Oscar and Tony Award-winning actor Kevin Spacey gave a wild, rollicking and heartfelt tribute to Christopher Plummer at Monday night's gala for Waterford's Eugene O'Neill Theater Center. Plummer, 83, received the Monte Cristo Award at the New York-held event.
Spacey downed two triples of Jack Daniels in Plummer's honor as he told anecdotes and kidded the actor, including sharing one tale of an alcohol-inspired night that Jason Robards and Plummer brought a policeman's horse into the Palace Bar and Grill on Broadway "and having a much more difficult time getting horse out of the bar." Spacey also said he also shared a role with Plummer -- "That's right. I played Captain Von Trapp in my high school production of 'The Sound of Music' co-starring the wonderful Mare Winngham as Maria. This is true."
Spacey also kidded the physical award. "Although it is one of the most beautifully designed awards, it is also one of the most [expletive] heaviest awards you'll ever see in your life.You'll need a [expletive] fokr-lift to get it home."

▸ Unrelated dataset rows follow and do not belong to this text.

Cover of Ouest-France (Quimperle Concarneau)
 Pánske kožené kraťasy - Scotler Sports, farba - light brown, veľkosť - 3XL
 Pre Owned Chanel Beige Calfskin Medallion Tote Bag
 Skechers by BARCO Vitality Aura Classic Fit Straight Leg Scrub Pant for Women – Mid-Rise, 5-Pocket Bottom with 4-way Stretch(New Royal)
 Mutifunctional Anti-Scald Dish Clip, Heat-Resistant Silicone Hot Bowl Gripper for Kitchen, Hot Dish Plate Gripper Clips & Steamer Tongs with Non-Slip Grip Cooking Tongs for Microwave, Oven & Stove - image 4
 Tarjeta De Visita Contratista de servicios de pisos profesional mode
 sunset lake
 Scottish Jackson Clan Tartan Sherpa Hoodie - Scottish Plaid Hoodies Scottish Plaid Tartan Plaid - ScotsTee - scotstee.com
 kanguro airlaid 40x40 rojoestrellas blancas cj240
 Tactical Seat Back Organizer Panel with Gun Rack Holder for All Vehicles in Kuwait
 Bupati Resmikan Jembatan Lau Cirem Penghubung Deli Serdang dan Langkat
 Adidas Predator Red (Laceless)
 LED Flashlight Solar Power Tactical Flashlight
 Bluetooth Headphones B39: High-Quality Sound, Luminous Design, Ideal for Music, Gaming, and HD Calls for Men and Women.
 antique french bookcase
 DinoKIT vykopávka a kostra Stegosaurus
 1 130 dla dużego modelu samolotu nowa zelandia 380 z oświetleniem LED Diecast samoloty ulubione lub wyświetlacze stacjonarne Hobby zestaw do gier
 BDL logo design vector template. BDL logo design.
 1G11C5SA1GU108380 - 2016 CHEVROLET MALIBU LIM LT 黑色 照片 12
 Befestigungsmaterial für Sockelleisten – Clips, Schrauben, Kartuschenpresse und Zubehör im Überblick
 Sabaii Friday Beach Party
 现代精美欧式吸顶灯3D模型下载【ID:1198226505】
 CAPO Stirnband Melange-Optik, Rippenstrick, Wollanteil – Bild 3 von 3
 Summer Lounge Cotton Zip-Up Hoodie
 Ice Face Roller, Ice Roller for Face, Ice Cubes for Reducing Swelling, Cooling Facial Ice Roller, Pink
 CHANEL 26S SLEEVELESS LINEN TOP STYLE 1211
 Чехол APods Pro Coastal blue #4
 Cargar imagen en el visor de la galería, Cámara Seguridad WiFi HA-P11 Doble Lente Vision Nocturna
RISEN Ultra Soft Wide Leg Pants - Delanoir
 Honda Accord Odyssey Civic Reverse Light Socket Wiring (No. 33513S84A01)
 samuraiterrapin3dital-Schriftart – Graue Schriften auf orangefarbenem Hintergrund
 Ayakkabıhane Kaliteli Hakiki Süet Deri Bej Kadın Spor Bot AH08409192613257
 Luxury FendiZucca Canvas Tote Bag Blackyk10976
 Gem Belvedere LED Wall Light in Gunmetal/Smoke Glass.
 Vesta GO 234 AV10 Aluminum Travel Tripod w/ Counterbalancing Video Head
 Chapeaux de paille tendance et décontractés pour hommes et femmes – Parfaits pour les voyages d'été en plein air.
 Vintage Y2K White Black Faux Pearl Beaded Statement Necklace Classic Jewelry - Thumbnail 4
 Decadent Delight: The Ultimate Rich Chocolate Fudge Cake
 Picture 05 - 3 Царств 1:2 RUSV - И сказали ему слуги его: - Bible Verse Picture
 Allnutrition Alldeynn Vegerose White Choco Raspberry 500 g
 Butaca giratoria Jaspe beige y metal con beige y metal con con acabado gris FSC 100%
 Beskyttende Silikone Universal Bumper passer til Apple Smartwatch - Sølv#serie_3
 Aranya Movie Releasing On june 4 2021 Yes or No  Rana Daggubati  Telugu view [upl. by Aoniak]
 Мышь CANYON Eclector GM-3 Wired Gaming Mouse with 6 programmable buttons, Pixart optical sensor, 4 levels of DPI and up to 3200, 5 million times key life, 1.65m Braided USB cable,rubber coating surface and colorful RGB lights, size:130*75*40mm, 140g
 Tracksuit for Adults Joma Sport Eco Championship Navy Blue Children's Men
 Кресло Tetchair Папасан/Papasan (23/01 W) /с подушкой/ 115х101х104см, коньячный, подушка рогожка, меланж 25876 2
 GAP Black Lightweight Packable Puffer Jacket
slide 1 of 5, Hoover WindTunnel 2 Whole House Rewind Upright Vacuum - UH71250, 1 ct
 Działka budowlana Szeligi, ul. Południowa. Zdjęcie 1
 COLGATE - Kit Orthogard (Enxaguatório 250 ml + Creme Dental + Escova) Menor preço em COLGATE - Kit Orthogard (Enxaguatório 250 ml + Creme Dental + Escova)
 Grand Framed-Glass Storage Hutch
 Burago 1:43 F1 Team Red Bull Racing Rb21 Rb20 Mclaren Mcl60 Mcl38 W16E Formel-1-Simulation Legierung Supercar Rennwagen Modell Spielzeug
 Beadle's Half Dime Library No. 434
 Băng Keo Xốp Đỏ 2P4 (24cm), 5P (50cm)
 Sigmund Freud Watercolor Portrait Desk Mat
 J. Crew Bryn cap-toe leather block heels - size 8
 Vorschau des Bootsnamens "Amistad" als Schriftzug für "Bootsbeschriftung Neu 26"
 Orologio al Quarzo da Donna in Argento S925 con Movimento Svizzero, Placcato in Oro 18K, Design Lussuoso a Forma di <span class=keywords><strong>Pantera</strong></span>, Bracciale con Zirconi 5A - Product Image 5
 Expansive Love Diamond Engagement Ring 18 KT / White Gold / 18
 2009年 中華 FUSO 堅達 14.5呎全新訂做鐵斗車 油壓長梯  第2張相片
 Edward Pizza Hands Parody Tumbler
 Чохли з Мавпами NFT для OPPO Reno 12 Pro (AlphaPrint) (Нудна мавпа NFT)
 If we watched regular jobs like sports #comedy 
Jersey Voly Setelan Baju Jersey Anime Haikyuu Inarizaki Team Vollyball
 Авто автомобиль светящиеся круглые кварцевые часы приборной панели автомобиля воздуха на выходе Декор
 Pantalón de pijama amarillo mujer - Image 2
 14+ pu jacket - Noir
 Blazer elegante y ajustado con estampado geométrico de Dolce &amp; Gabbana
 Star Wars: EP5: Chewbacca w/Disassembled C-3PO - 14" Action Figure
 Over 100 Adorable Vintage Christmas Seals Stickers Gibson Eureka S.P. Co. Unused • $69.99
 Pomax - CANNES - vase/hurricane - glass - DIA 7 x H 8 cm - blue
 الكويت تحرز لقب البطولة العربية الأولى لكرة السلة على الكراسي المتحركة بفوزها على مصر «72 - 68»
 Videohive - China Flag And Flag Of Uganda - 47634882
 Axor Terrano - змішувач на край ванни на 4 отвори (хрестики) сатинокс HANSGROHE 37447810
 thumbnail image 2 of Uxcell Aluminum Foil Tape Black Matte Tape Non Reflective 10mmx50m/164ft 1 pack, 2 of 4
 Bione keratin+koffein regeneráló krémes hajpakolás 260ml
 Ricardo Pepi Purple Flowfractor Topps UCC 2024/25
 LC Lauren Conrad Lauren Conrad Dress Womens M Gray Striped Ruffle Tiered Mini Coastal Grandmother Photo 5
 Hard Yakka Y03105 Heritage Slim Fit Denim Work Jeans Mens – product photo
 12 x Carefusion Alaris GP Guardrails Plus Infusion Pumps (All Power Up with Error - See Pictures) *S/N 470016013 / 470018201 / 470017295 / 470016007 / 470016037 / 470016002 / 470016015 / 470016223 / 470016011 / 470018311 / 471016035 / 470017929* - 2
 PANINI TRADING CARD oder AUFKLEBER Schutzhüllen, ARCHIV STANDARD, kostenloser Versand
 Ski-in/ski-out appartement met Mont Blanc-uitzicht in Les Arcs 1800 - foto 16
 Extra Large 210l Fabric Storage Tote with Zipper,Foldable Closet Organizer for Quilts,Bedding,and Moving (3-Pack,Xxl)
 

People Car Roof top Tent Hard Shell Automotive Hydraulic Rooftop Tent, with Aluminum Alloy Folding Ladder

More seriously he said: "There's no finer recipient of the award. You and your spirit define the spirit of Eugene O'Neill and this award. You re-invent classic roles into fresh, exciting, dangerous and riveting portrayals. And you instantly make a new play a classic when you originate a role. As an audience [member] I have been astounded and as an actor I have learned so goddamn much because, as you know, us theater rats, we never stop learning.'
Also paying tribute to the actor was Tony Award-winner Nikki James, who played opposite him on "Caesar and Cleopatra" in 2008, pianist Inon Barnatan, documentarian Ric Burns, actor Daniel Breaker, O'Neill executive director Preston Whiteway and producer and O'Neill board chairman Thomas Viertel.
Zoe Caldwell was also at the event and paid tribute to Plummer: " "I have known Christopher Plummer for a very long time. I mean. I've known him longer than I've known Eugene O'Neill...or the Gelbs [biographers of O'Neill]. I have played with him as an actor, I've been directed by him and I have directed him and watched him like a hawk in every medium and he never ceases to amaze me. Now he's gone too far. He doesn't get older like the rest of us. He gets better. Simpler. More powerful and more capable of removing his armor. That's a great actor. What do you think of that, Eugene?"
When it came time for Plummer to speak, he was charming, gracious and touched. "The cause is so worthy and it makes me feel young again like I'm starting over. I hope to god it postpones a little of my own long day's journey into night...i am humbled and proud and grateful, to all of you for such a lovely night and making the whole thing go to my head. And grateful, too, that in the arts there is always some summit to attain, to conquer, a summit far higher than Everest, perilously inviting, if only we could reach it. Well, I guess we'll just have to try."
Off stage, I asked him if there was any possibility of him plying James Tyrone in "Long Day's Journey Into Night" on stage. "A long run in as Tyrone would be suicidal," he said, laughing. When asked if he might do it on film, he deferred answering , saying "It's a wonderful work. We'll see."